:: DIRECTIONS ::
Every line from the top of the records below through the one containing "A FINE BIRD PAINTED SNUFF BOTTLE" must be copied exactly, and the pictures must not be.

START INFORMATION SUPPLIED

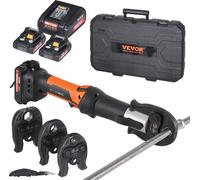 Outil à sertir et kit de batterie VEVOR, outil à sertir Pro, outil de sertissage électrique pour tubes avec mâchoires M15, M22, M28, kit de sertissage avec 2 batteries 20 V-2,0 Ah, chargeur rapide et 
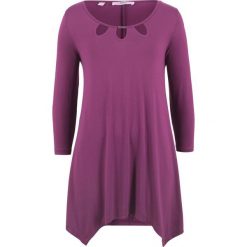 Tunika shirtowa, rękawy 3/4 bonprix fiołkowy. Fioletowe tuniki damskie bonprix, bez wzorów, bez kołnierzyka, bez rękawów. Za 37,99 zł.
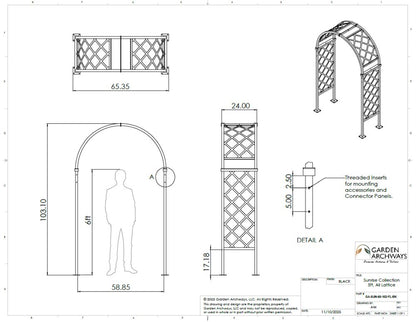 Sunrise Arch Trellis & Arbor - Full Lattice
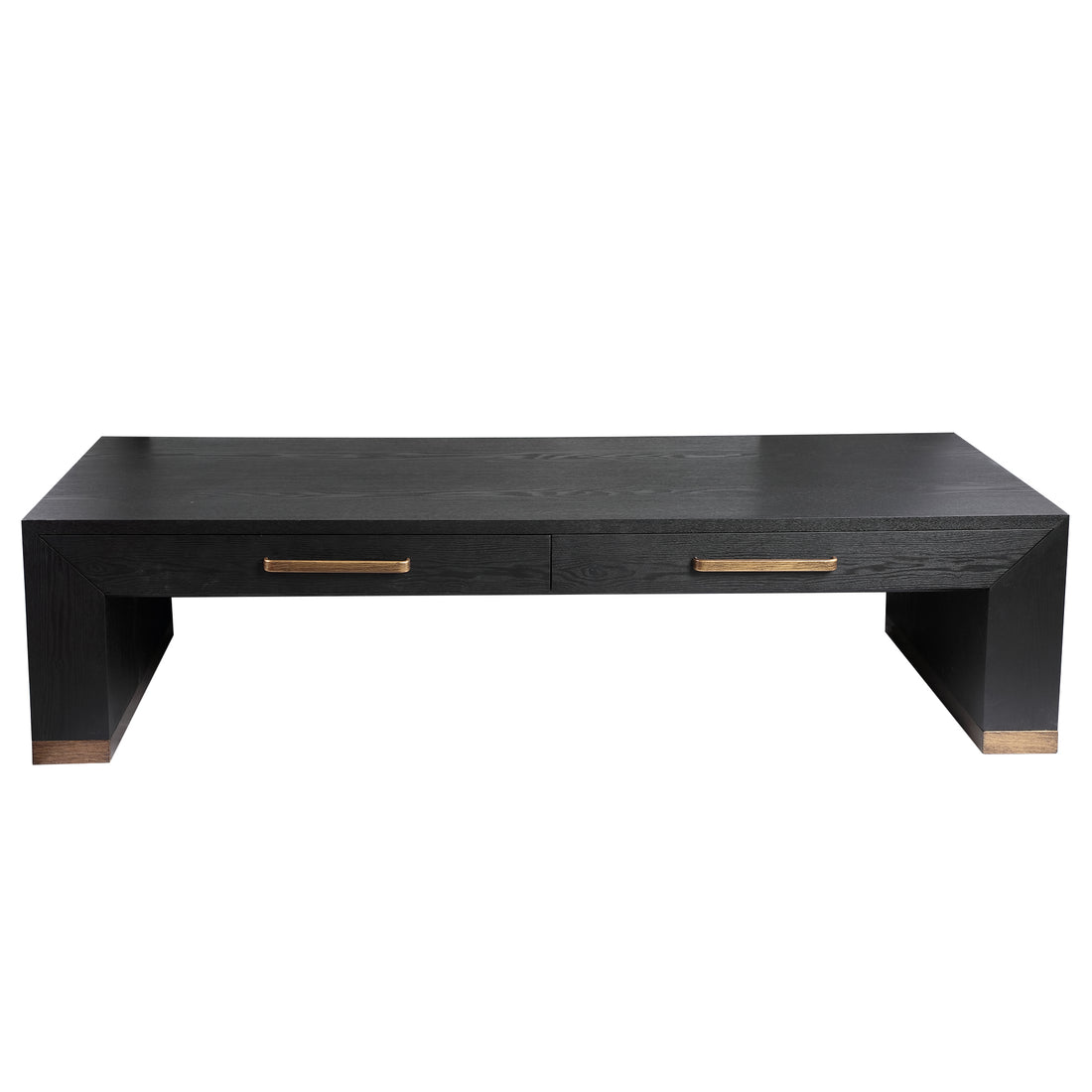 Tiess Black Wooden Veneer Coffee Table 2 Drawers PTMD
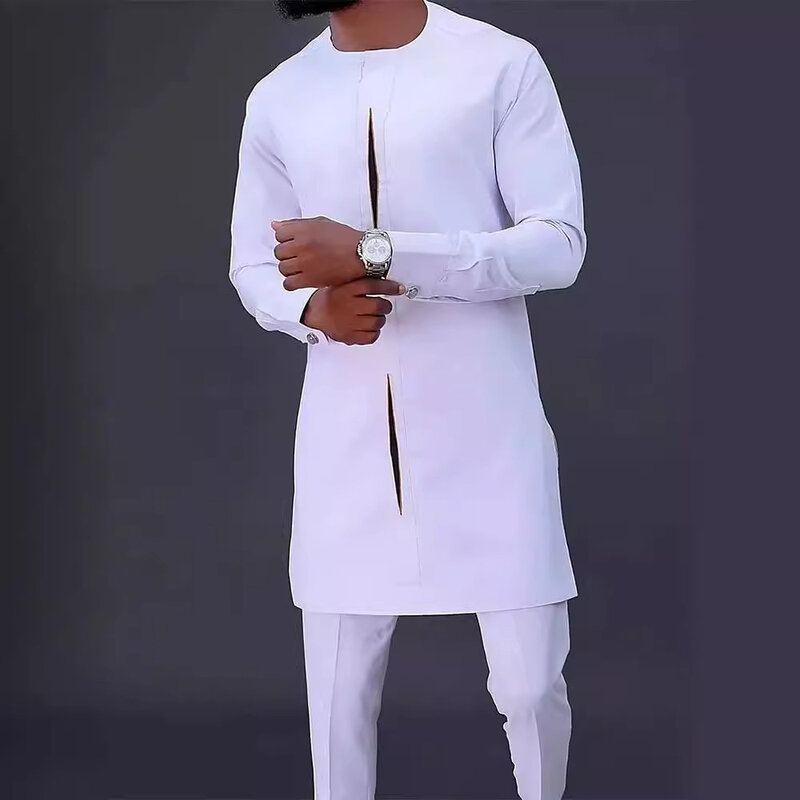 Moda męska luksusowy casual biały nadruk geometryczny dwuczęściowy zestaw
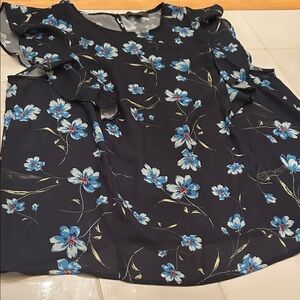Primark Black and Blue Floral Blouse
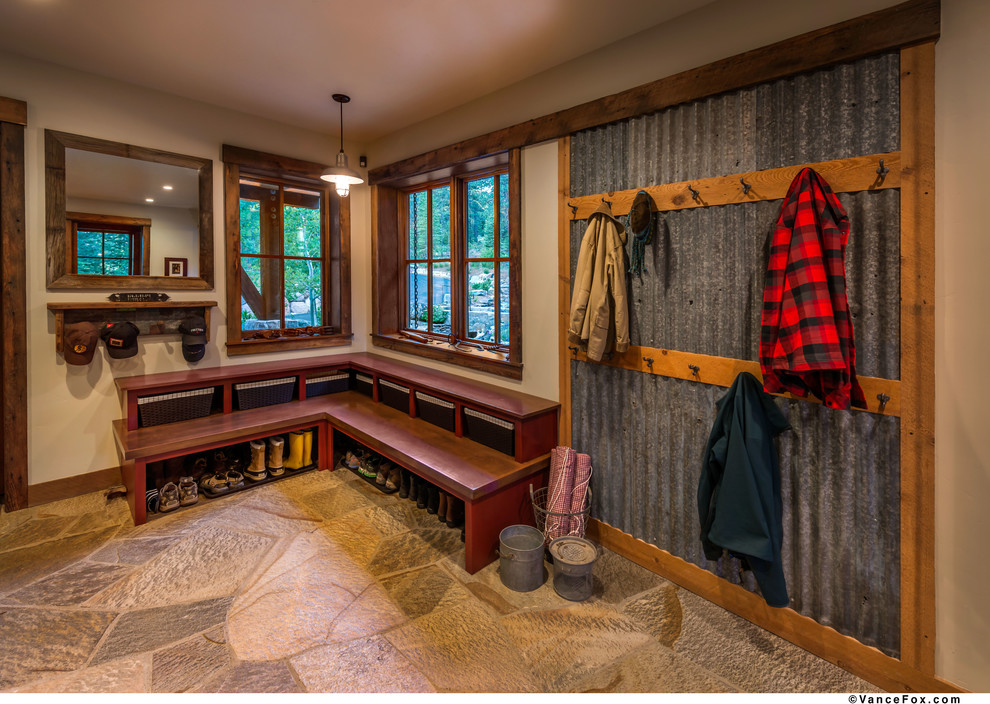 Sustainable Mountain Home Rustic Laundry Room Sacramento by Katherine Elkins Designs Ltd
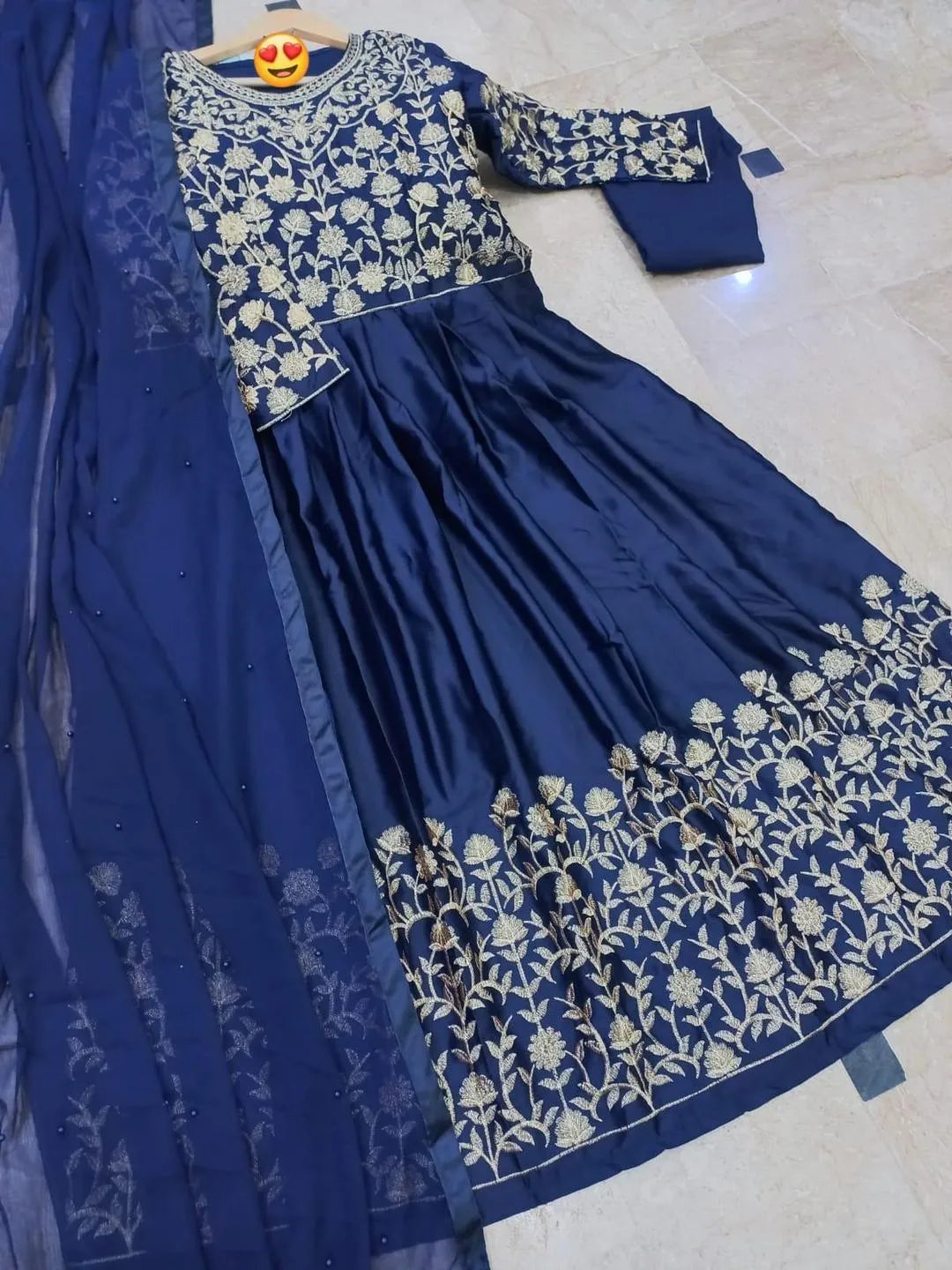 3 Pcs Women's Stitched Shamoz Silk Embroidered Maxi And Trouser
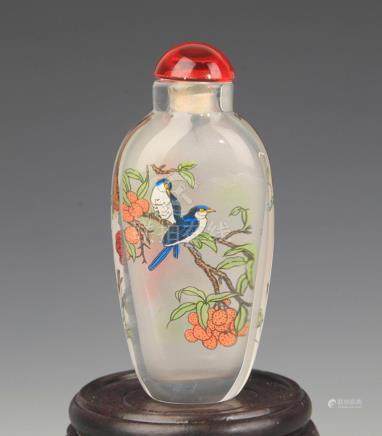 A FINE BIRD PAINTED SNUFF BOTTLE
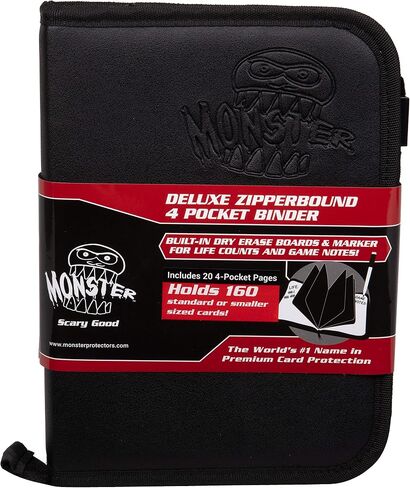 ألبوم جلدي لبطاقات التداول من Monster Deluxe بأربعة جيوب - إغلاق بسحاب، لوحات مسح جافة مدمجة وعلامة - كبيرة 10 صفحات، تحمل ما يصل إلى 160 بطاقة Pokemon وMTG وMagic the Gathering وYugioh وبطاقات رياضية in Saudi Arabia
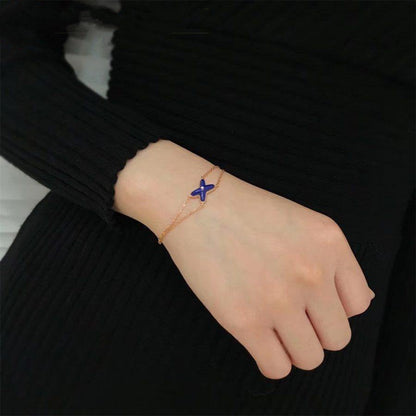 [BLUE TEARS]Hollow Design Four-Leaf Clover Flower Shape Ring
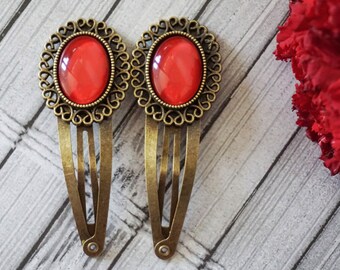 Black & Red Hair Clips/gifts for Her/christmas Gift - Etsy
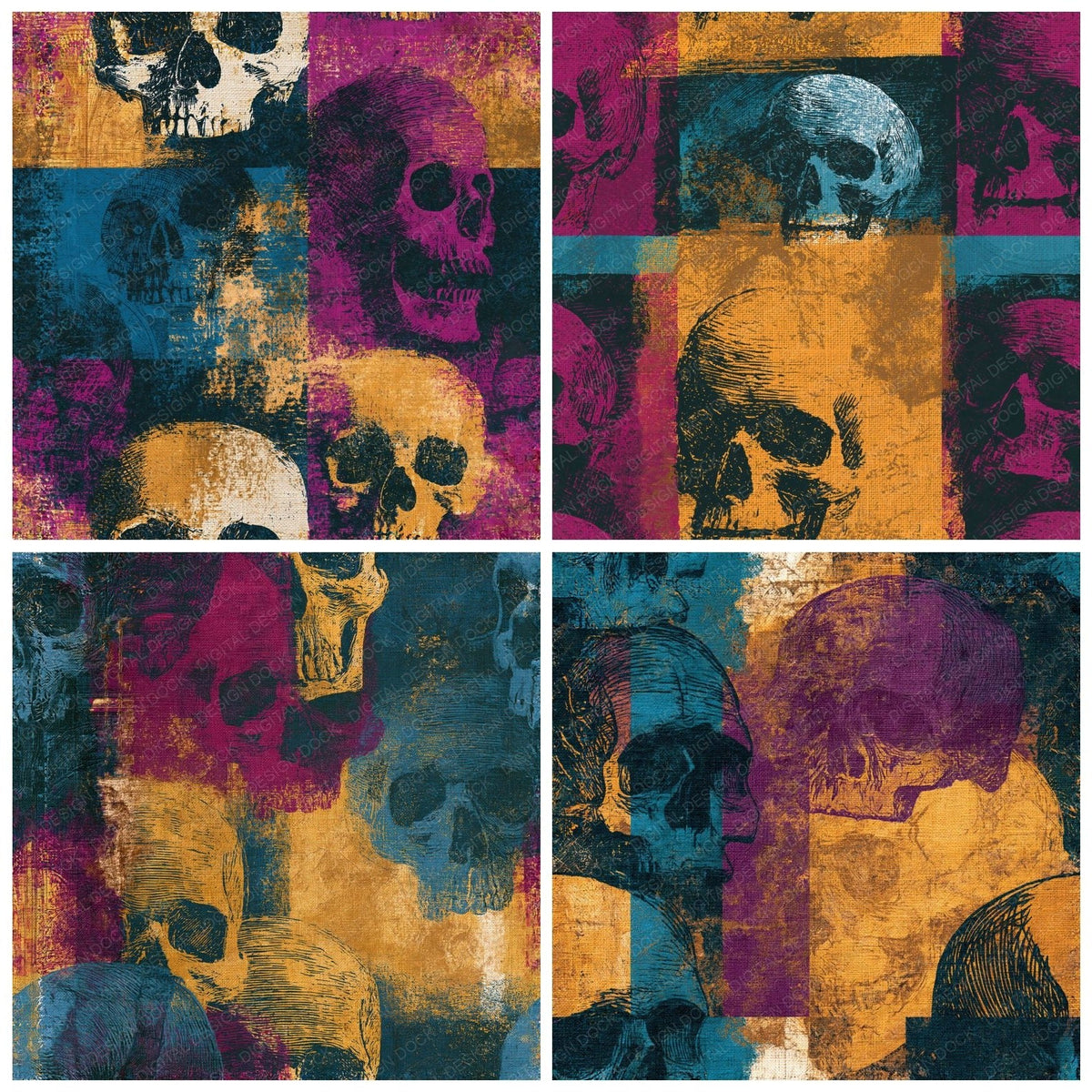 Four Scratchboard Skulls Ochre Plum Seamless digital papers from the pack shown in a grid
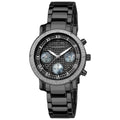 Akribos Xxiv Womens Stainless Steel Diamond Chronograph Black Bracelet Watch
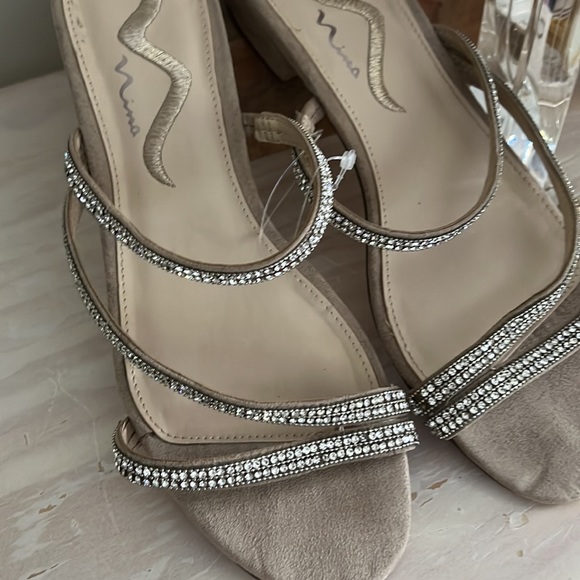 Block Heel Rhinestone strap suade sandal by Nina - Picture 5 of 12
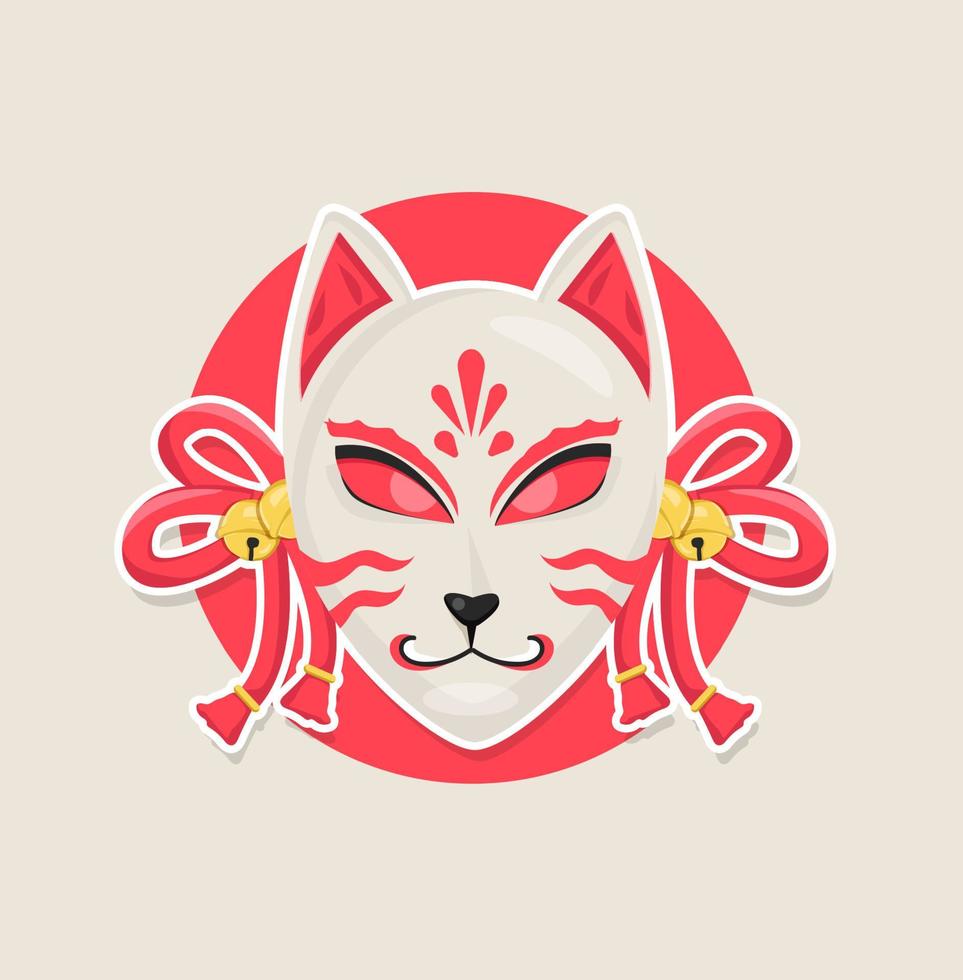 masque kitsune avec personnage de dessin animé d'épée. vecteur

END INFORMATION SUPPLIED

:: RESPONSE TO THIS EXERCISE ::
 Outil à sertir et kit de batterie VEVOR, outil à sertir Pro, outil de sertissage électrique pour tubes avec mâchoires M15, M22, M28, kit de sertissage avec 2 batteries 20 V-2,0 Ah, chargeur rapide et 
 Tunika shirtowa, rękawy 3/4 bonprix fiołkowy. Fioletowe tuniki damskie bonprix, bez wzorów, bez kołnierzyka, bez rękawów. Za 37,99 zł.
 Sunrise Arch Trellis & Arbor - Full Lattice
 Tiess Black Wooden Veneer Coffee Table 2 Drawers PTMD
 Moda męska luksusowy casual biały nadruk geometryczny dwuczęściowy zestaw
Primark Black and Blue Floral Blouse
 Sustainable Mountain Home Rustic Laundry Room Sacramento by Katherine Elkins Designs Ltd
 3 Pcs Women's Stitched Shamoz Silk Embroidered Maxi And Trouser
 A FINE BIRD PAINTED SNUFF BOTTLE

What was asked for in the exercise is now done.